Ripple’s Chief Technology Officer [CTO], David Schwartz had announced an upgrade to the XRP Ledger [XRPL] back in November. Schwartz has now shared the first results of the major performance optimization of the ledger. Calling the results “incredibly encouraging” Ripple’s CTO spoke about combining different performance optimizations proposed by various software engineers.
The CTO added that he had stress-tested system performance by restarting the system with a 60 seconds pause. He added that:
“This replicates restarting to upgrade the code or similar operations. I measure things like memory consumption, data processing rates, and time taken.”
These three were the most important changes among which data processing rates highlighted the number of nodes synchronized per second. The current version, v2.7.0.-b5, notably takes 82 seconds to synchronize while consuming 5.2 GB of memory and can process up to 73,000 nodes per second.

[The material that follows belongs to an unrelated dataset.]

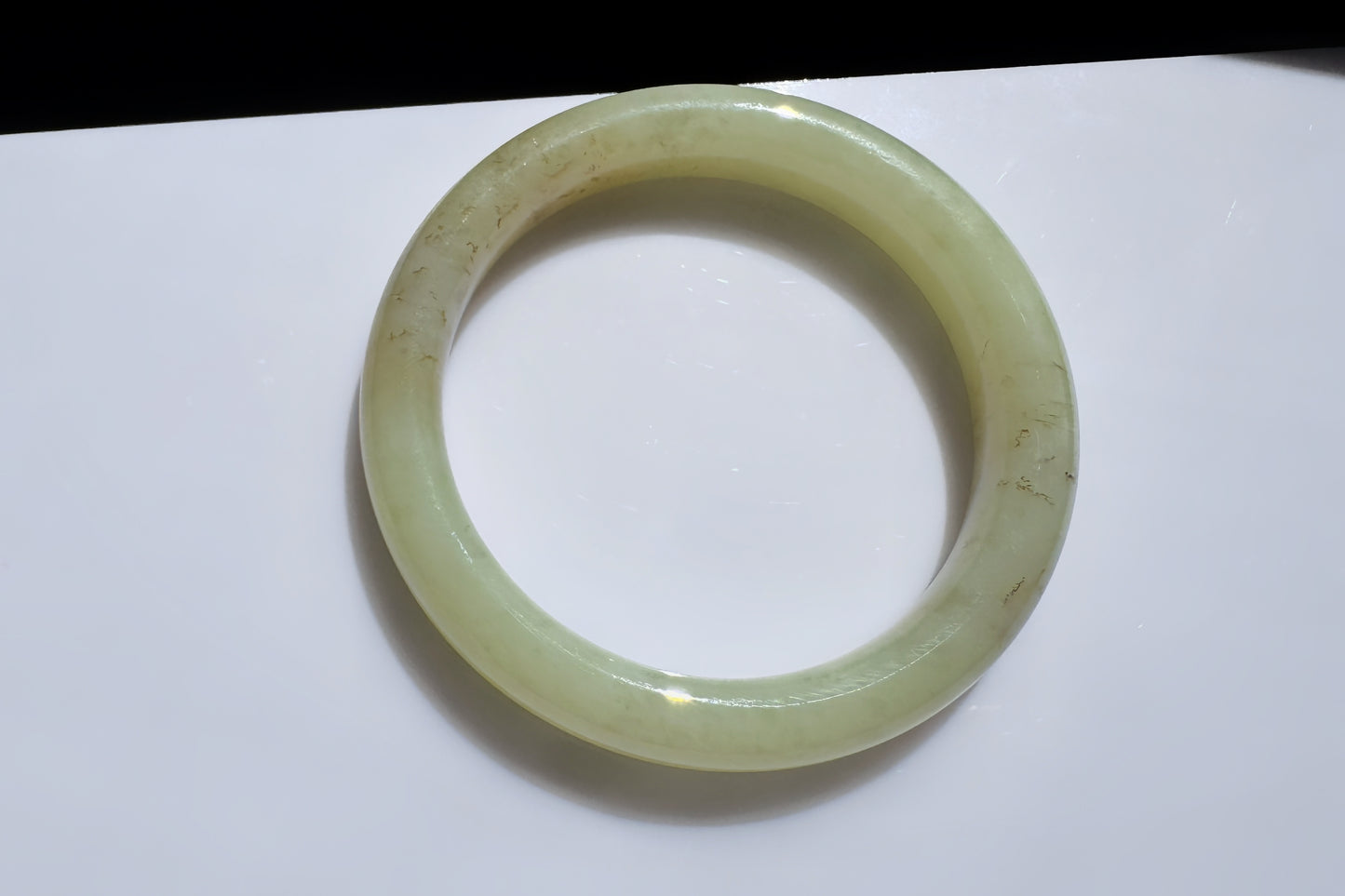 57mm Natural Yellow Hetian Nephrite Jade Bangle, Icy Nephrite Jade Bangle with Brown Sugar Vein lines 天然和田玉黄口带糖化纹圆镯手镯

Whereas, the new upgrades have achieved better results in testnet.
According to Schwartz, the upgrade can synchronize the system in 37 seconds making it at least 50% faster, while the restart consumed only 2.2 GB of memory. Compared to the node processing per second, the upgrade has provided a 300% boost and it can now process 327,000 nodes per second.
Schwartz stated:
“Version 1.7.0-b5 takes 82 seconds, 5.2GB, and peaks at 73K nodes/sec. The optimized version takes 37 seconds, 2.2GB, and peaks at 327K nodes/sec (on my machine)!”
Although these are significant improvements, Schwartz noted that the code has not been fully audited and has opened it for further discussion. The CTO also advised, “not to run on machines that handle real money.”
When Schwartz announced the XRPL upgrade, he had called it to be a game-changer as it will introduce a ‘Negative UNL’ [unique node list] of trusted validators that are believed to be offline or malfunctioning, as declared by a consensus of the remaining validators. However, these updates can currently only be used in the test networks and are not yet available as a modification to the XRP ledger, as it would allow more diverse validators.